About this task: Whenever the word "with" turns up in a line below, that line should be copied.

Provided data:

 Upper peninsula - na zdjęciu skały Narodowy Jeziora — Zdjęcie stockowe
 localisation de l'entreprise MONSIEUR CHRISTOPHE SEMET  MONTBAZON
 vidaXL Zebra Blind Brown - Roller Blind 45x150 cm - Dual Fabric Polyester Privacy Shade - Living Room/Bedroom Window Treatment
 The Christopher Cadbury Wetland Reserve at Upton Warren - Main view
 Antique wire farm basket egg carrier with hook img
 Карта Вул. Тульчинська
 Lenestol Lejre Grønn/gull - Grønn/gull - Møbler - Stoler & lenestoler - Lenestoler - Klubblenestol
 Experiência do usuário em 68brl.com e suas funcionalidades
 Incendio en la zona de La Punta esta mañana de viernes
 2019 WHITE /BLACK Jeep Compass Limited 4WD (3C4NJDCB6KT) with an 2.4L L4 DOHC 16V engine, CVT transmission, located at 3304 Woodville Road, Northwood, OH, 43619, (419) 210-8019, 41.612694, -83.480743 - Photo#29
---
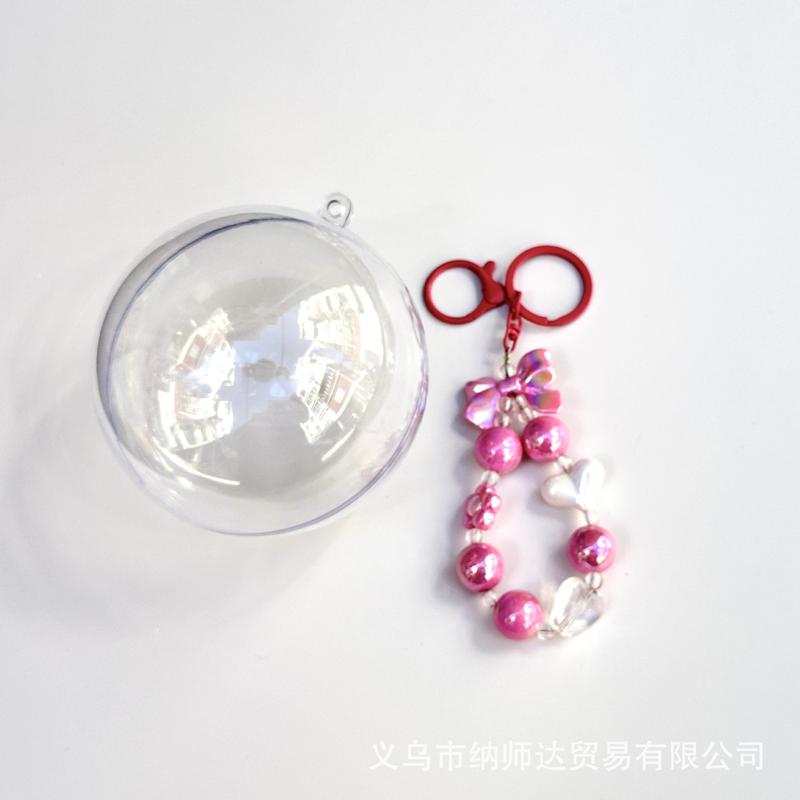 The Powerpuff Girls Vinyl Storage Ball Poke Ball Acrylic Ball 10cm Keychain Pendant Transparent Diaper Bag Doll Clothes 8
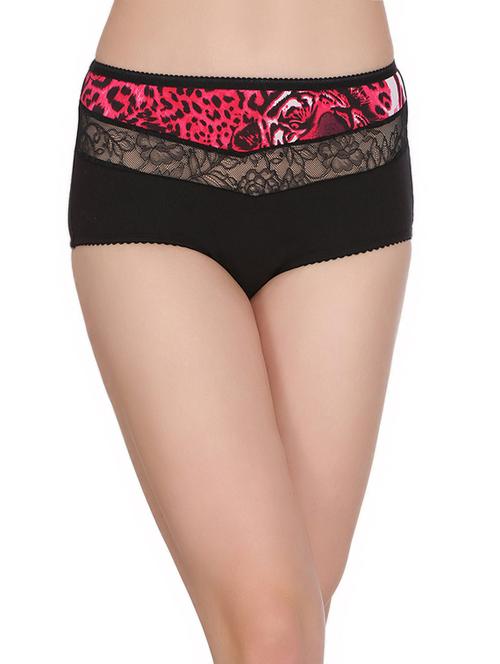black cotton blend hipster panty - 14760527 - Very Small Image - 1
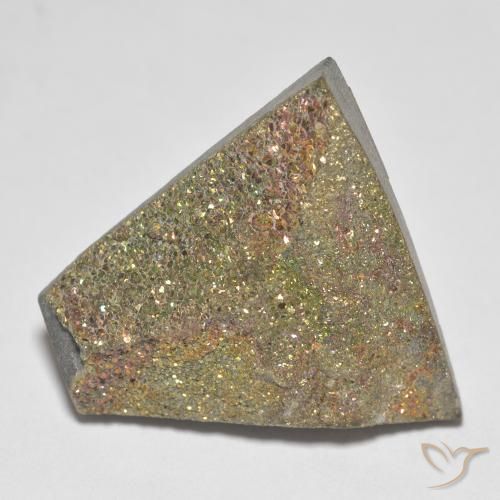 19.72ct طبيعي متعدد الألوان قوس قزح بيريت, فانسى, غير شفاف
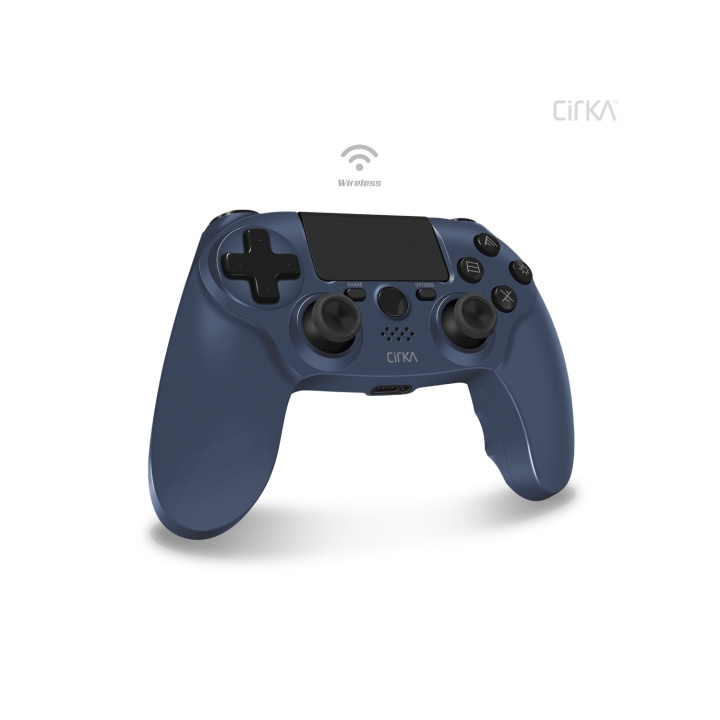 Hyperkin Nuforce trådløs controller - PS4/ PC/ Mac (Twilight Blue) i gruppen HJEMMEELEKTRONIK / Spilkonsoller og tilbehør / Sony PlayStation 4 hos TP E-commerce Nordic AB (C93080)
==
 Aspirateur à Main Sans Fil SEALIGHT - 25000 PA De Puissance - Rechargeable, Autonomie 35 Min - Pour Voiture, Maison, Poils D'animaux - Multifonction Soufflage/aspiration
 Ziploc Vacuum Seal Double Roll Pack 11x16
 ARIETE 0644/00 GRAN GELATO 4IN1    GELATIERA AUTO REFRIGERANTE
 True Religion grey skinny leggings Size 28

Written solution:
 Antique wire farm basket egg carrier with hook img
 2019 WHITE /BLACK Jeep Compass Limited 4WD (3C4NJDCB6KT) with an 2.4L L4 DOHC 16V engine, CVT transmission, located at 3304 Woodville Road, Northwood, OH, 43619, (419) 210-8019, 41.612694, -83.480743 - Photo#29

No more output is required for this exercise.